**INFORMATION PROVIDED:**
....................
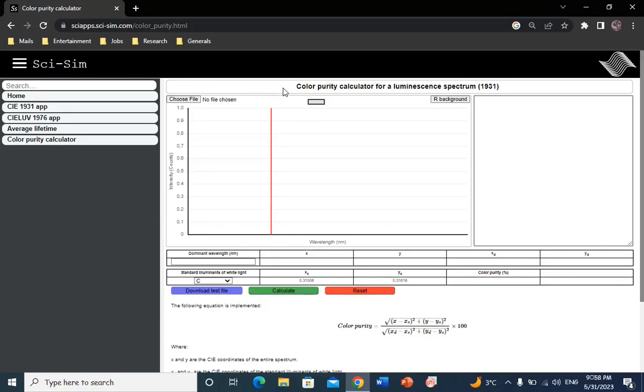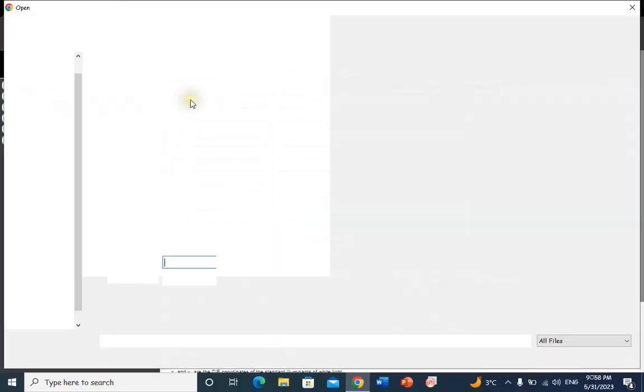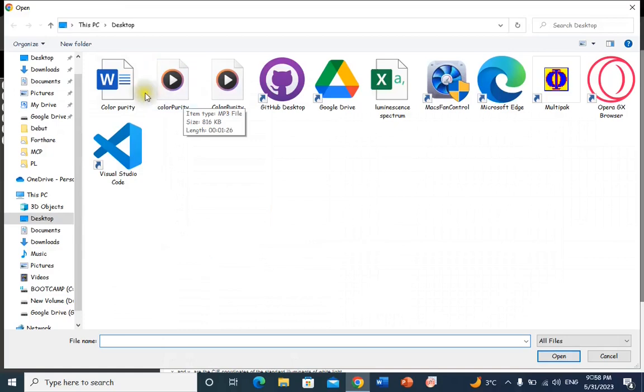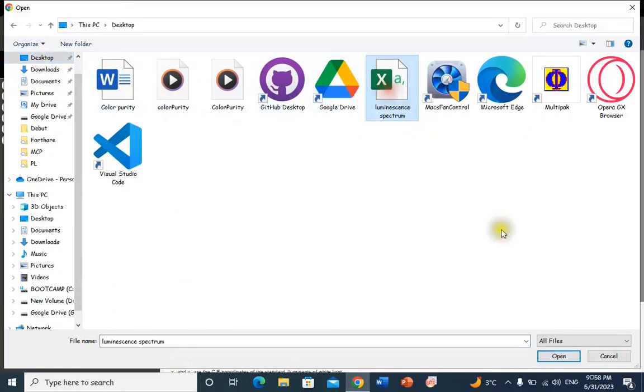Upload your file by clicking on the choose file button at the top left side. Navigate your desktop and choose your emission spectrum. Click open.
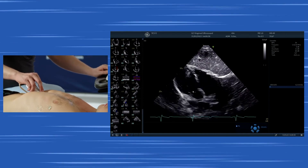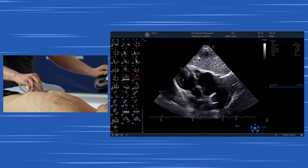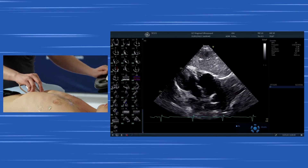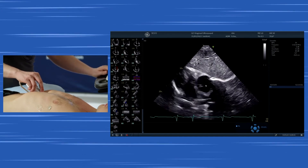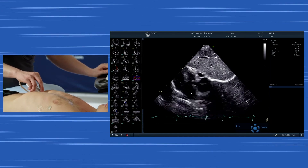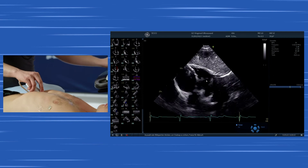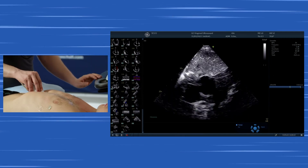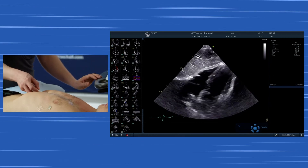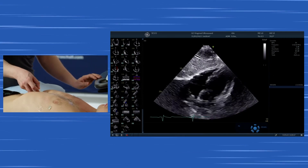This is the aortic valve, this is the left ventricle, and this is the right ventricle. You can differentiate those structures just as you would from a parasternal approach, but here from a subcostal approach.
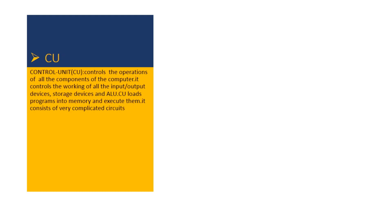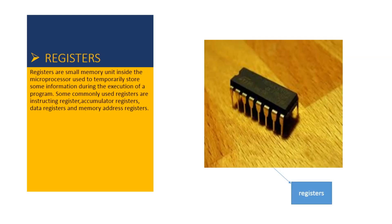CU stands for control unit. It controls all the operations of the components of the computer. It controls the working of all input devices, storage devices and ALU. CU loads programs into memory and executes them. It consists of very complicated circuits.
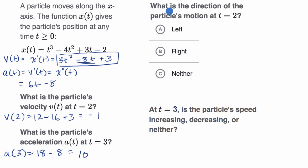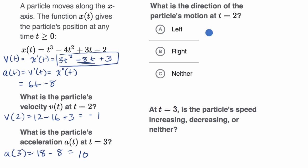Now they ask: what is the direction of the particle's motion at t equals two? We've already looked at the sign — the fact that we have a negative velocity means we are moving to the left. So I'll fill that in right over there.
....................
**WHAT IS NEEDED:**
Copy out exactly the lines from the one with "This is the aortic" through the end of the listing, both ends included, omitting any picture.

**REPLY:**
This is the aortic valve, this is the left ventricle, and this is the right ventricle. You can differentiate those structures just as you would from a parasternal approach, but here from a subcostal approach.
CU stands for control unit. It controls all the operations of the components of the computer. It controls the working of all input devices, storage devices and ALU. CU loads programs into memory and executes them. It consists of very complicated circuits.
Now they ask: what is the direction of the particle's motion at t equals two? We've already looked at the sign — the fact that we have a negative velocity means we are moving to the left. So I'll fill that in right over there.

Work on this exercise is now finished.